In what many Supreme Court experts consider a surprise opinion, the Supreme Court voted to uphold the system of racial preferences used for admission at the University of Texas, Austin. In a confusing holding that significantly departs from his original holding in Fisher I, Justice Kennedy authored an opinion that largely defers to Universities and minimizes the role of the Courts. In doing so, the Court’s opinion will embolden Universities to engage in racial engineering.
CIR President Terry Pell reviewed the Court’s opinion for USA Today, pointing out that “in the absence of a Supreme Court willing to enforce a meaningful legal standard, schools will adopt ever more ambitious preferences.”

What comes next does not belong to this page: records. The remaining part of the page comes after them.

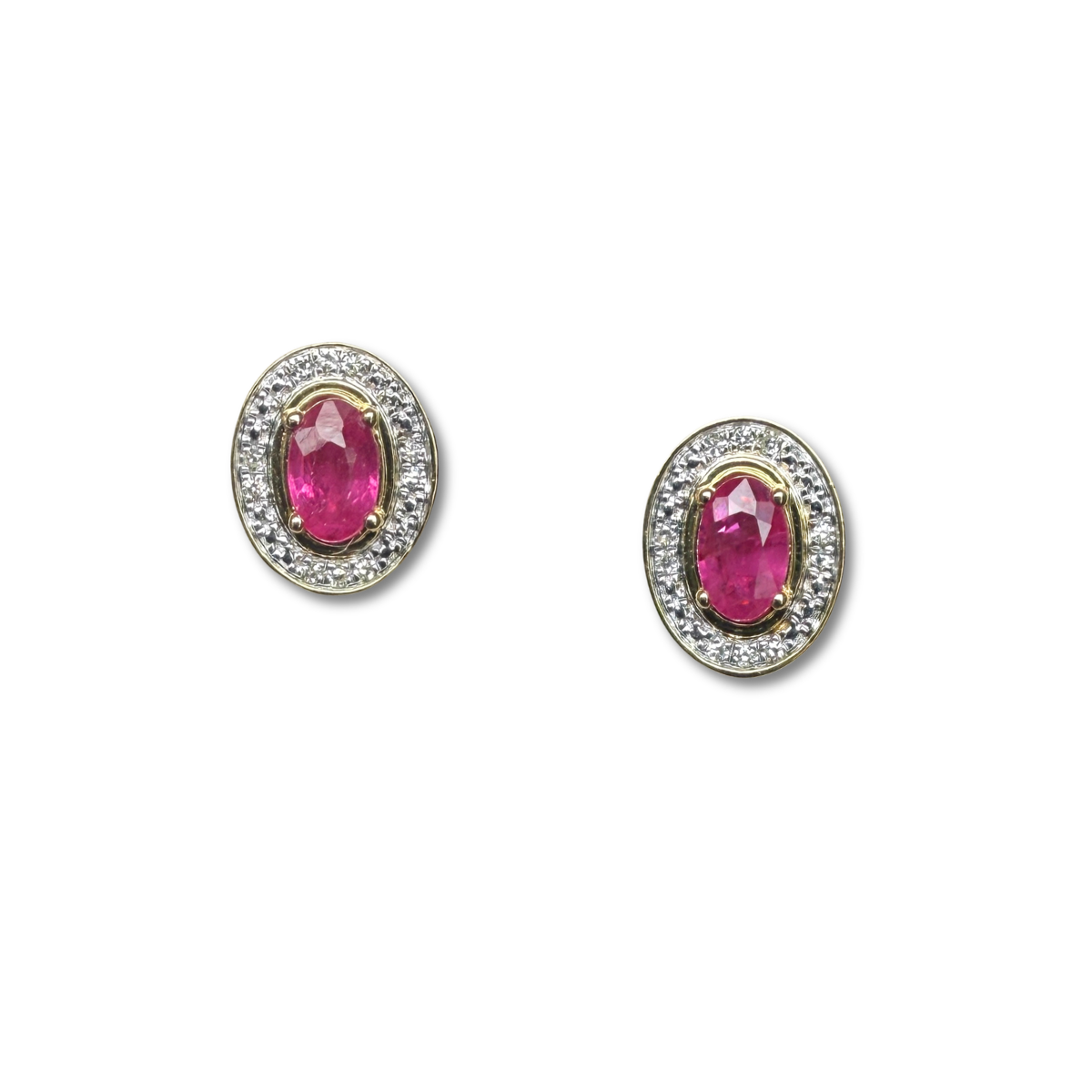 Aretes en oro amarillo 10K con rubí ovalado y halo de diamantes 0.05ctw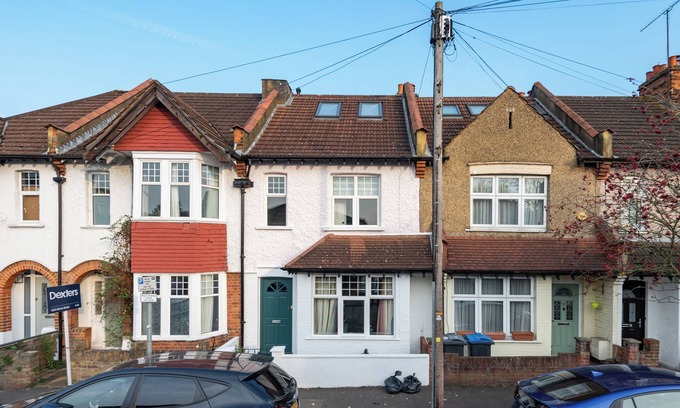 Abbey Casa | Beautifully furnished chic home near Wimbledon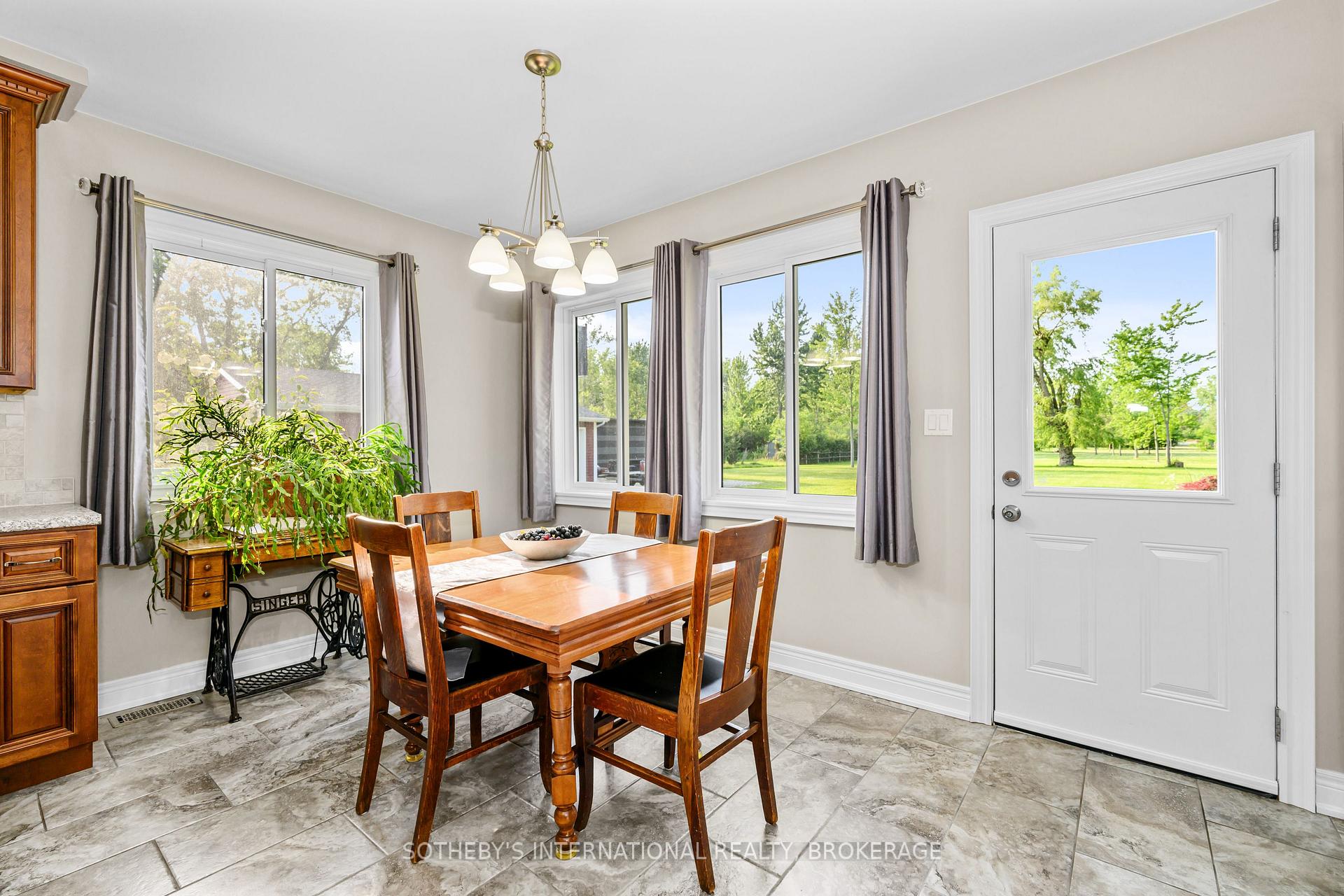880 Edgemere Road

The programs like those at the University of Texas harm lower income students and unconstitutionally allow the school to select two or three preferred races at the expense of all others. As Pell explained,
“The Texas case shows just how far educators are willing to go. First, university officials said they needed diversity in every major and classroom, not just in the school as a whole. Then they said that a preference to benefit merely disadvantaged minority students was inadequate because it did not sufficiently boost the number of wealthy and accomplished minority students.”
“So instead of targeting low-income students across the board, Texas would prefer to focus exclusively on race, no matter how privileged. As Justice Alito noted in dissent, preferences for the privileged ‘is affirmative action gone wild.’”
The Supreme Court’s refusal to engage in meaningful review of state action will only encourage universities and other state actors to aggressively violate the rights promised in the Fourteenth Amendment.